Research Statement
I envisage carrying out research activities on problems relevant to
Search-Based Software Engineering (SBSE). I believe that, in terms of
costs, performance and new insights, there are benefits in reformulating
many software engineering problems as optimization problems. Consistent
with my Ph.D. work, I expect my contributions to be primarily in SBSE,
and in particular the analysis of software evolution to improve software
quality.
Current Research Activity
My Ph.D. work is mainly on software evolution and investigates the
usefulness of graph matching techniques as efficient ways of retrieving
the evolution through time of software artifacts. It involves three
distinct but related aspects. First, in order to match artifacts
efficiently, I proposed and implemented a tabu search technique for
approximate graph matching problems. Second, I modeled software
artifacts, such as class diagrams, as directed graphs and applied the
developed algorithm to match subsequent diagrams. Third, based on the
obtained matchings, I proposed new design evolution metrics and assessed
their usefulness in defect prediction models. The following paragraphs
detail each of those three aspects.
Approximate Graph Matching
Many practical problems can be modeled as approximate graph matching
problems in which the goal is to find a “good” matching between two
objects represented as graphs. Existing literature is centered on image
processing and biochemistry communities with very specific graph
matching problems, benchmarks, and algorithms. As a result, researchers
and practitioners from other fields, such as software engineering, may
not find tools or algorithms suitable for their own specific graph
matching problem. Moreover, given
that most graph instances in image processing and biochemistry
literature are very small (less than 100 nodes), the proposed algorithms
have scalability issues.
To address this situation, I tackled in a generic way, the approximate
graph matching problem. My approach avoids as much as possible
assumptions about graphs to be matched and tries to make the best out of
basic graph features such as node connectivity and edge types.
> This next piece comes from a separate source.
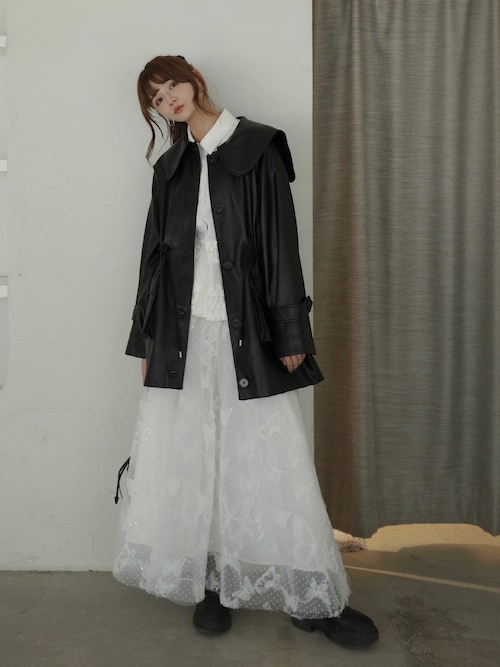 volume tulle butterfly dot skirt / バタフライドットチュール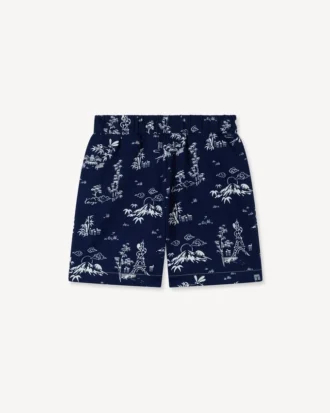 Kenzo Garden’ Hafif Fransız Teri Bermuda Şort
Consequently, my proposal is a local search technique using new node
similarity measures derived from simple structural information.
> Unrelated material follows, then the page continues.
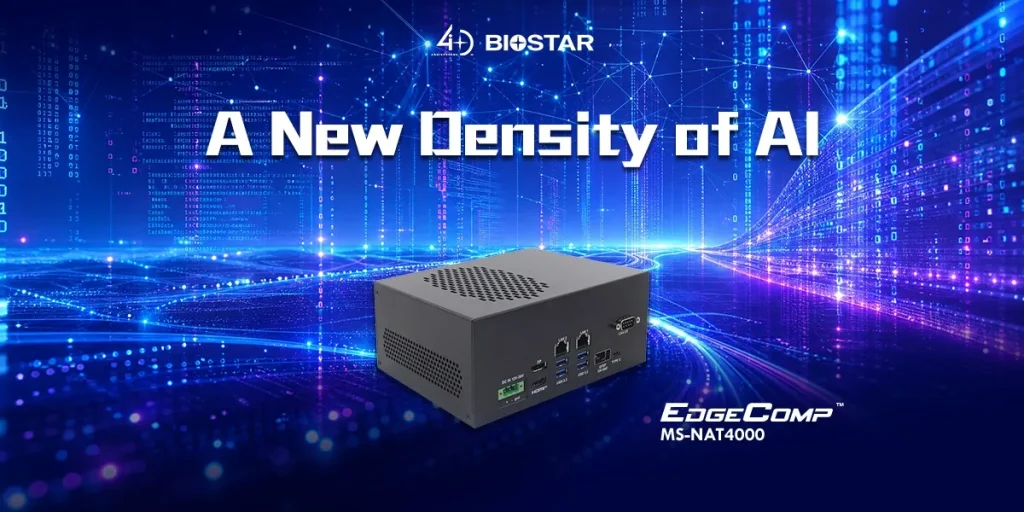 BIOSTAR presenta un sistema compacto que acerca el procesamiento de inteligencia artificial a las plantas industriales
The proposed technique was devised as follows. First, I observed and
empirically validated that initializing a local search
with a very small
subset of “correct” node matches is enough to get excellent results [3].
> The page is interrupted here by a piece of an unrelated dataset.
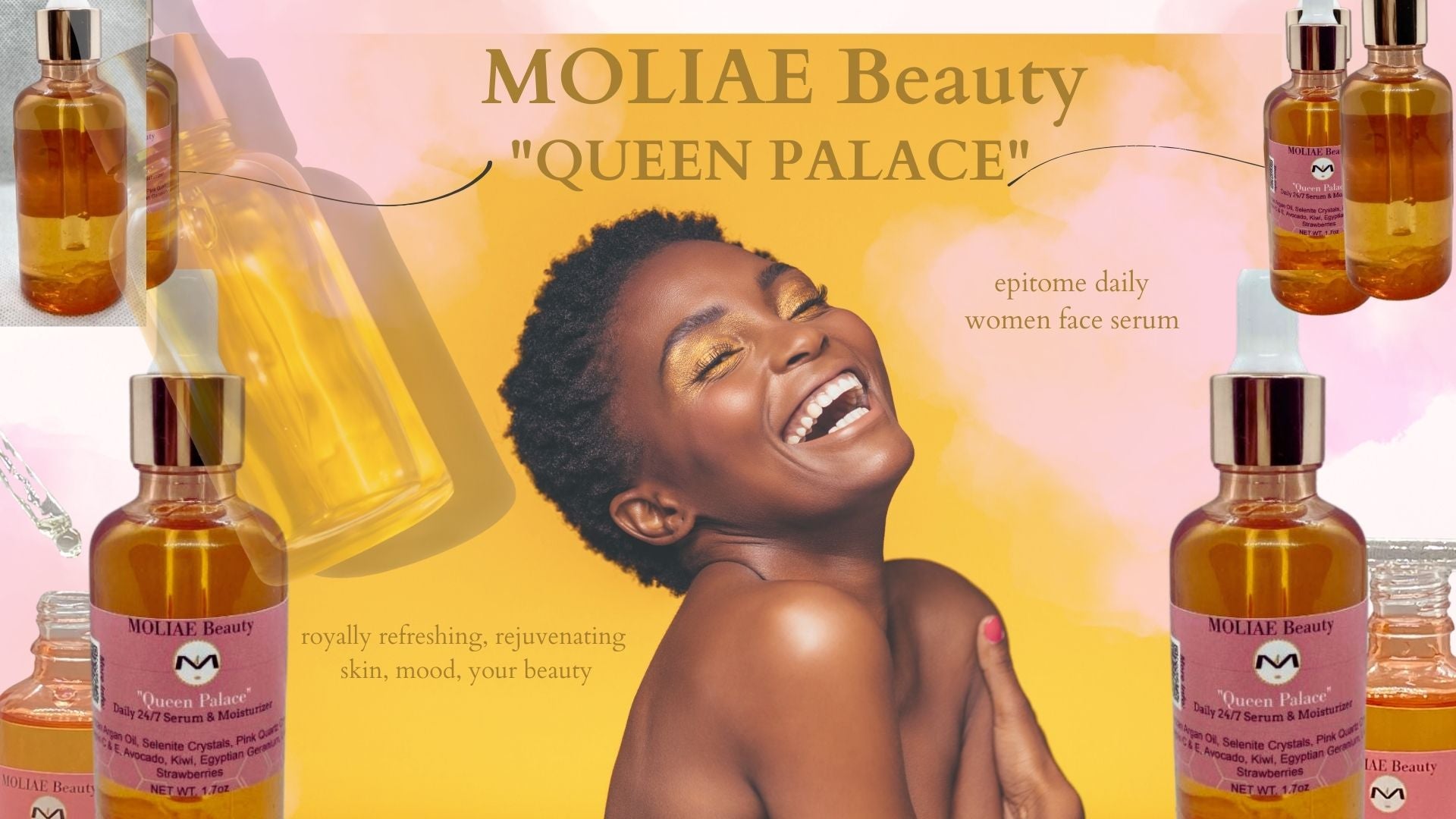 Gift Box Kit Queen Palace | Spa Paradise Oasis | Lip Oil | MA'at Harmony | Lotus Saphirus | Thebes Soap | Body Scrub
Instead of directly trying to correctly match all nodes and edges of a
given graph to the nodes and edges of another graph, one could focus on
correctly matching a reduced subset of nodes. Second, in order to
retrieve such subsets, I resorted to the concept of local node
similarity. My approach consists in assessing, by analyzing their
neighborhoods, how likely it is to have a pair of nodes included in a
good matching. I investigated many ways of computing similarity values
between pairs of nodes and proposed additional techniques to attach a
level of confidence to any computed similarity value. My work results in
a similarity enhanced tabu algorithm [5, 0] which advances the
state-of-art.
Software Evolution through the Matching of High Level artifacts
Long-lived Object Oriented (OO) systems often possess a rich history of
changes and design decisions that should be used to gain actionable
knowledge. However, given the size and complexity of OO systems,
retrieving and understanding the history of the design evolution is a
difficult task which requires appropriate techniques.
In my approach, a design representation, usually the class diagram, is
first recovered from the code and modeled as a directed graph; then my
graph matching algorithm is applied to gain insight on its evolution
through time. My key difference is that, unlike the other approaches
which are solely dedicated to a specific representation, my generic
graph matching algorithm can be adapted to study
different artifacts - provided that they can be represented as
directed graphs - and different
problems (by changing the optimization criterion). I tested my
approach on the evolution of class diagrams [2, 6, 7] and empirically
proved it to be both efficient and scalable. Ongoing work involves other
artifacts such as state and activity diagrams.
Design Evolution Metrics for Defect Prediction
Testing is the most widely adopted practice to ensure software quality.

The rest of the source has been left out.